Denmark needs to educate more young people in IT skills such as programming, coding and mobile phone app design, suggests Dansk Ehrverv (Danish Chamber of Commerce) and IT-Branchen, an association of about 300 IT companies.
A new international study has revealed that young Danes are far less interested in learning advanced computer skills compared to their counterparts from other countries such as Germany, the UK, China and India.
Few are interested
According to the survey that is based on answers from 408 Danes aged between 16-25, only 34 percent are ‘very’ or ‘somewhat’ interested in learning to code or build mobile phone apps.
In Brazil, India and China some 70 percent of the age bracket would like to have these skills.
Denmark also ranks at the bottom in a European comparison as 48-58 percent of young people in France, Germany and UK would be interested in developing their coding skills and 48 – 60 percent would like to know how to design their own mobile phone app.
Lack of skilled experts
Mette Lundberg, the head of the communications and policy department at IT Branchen, warns that Denmark has a “massive shortage” of experts experienced in digital technology.
Both Dansk Erhverv and IT Branchen therefore propose to introduce compulsory IT and programming courses at public schools.
While young Danes don’t seem thrilled to learn coding and programming, they are definitely keen on playing computer games.
E-sports growing fast
E-sports – competitive video gaming – is a rapidly increasing trend at Danish schools and sports clubs.

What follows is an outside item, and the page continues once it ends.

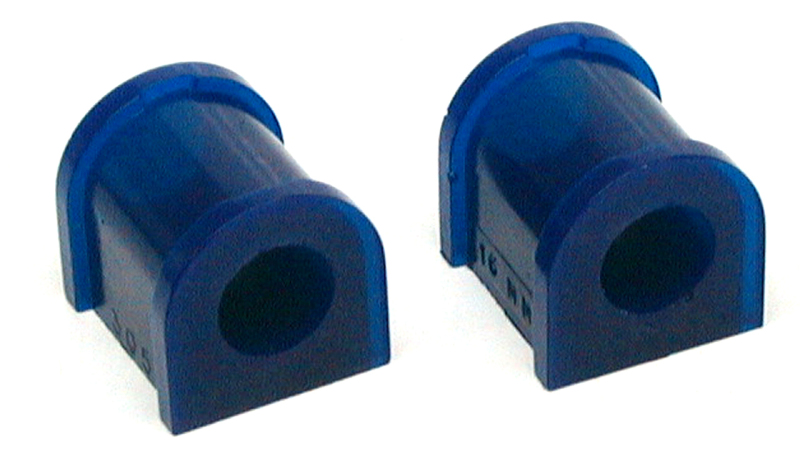 SPR Bushings - Sway Bar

“Every day we get many requests from schools and sports clubs that want to include e-sports into their programs,” Niels Thornberg, the deputy chairman of the umbrella organisation Esport Danmark, told DR.
According to its proponents, e-sports helps young people develop social skills and teaches them teamwork.
Esport Danmark is currently working on being included in the Danish Sports Federation, and Thornberg hopes e-sports will be part of the Olympic program in 2020.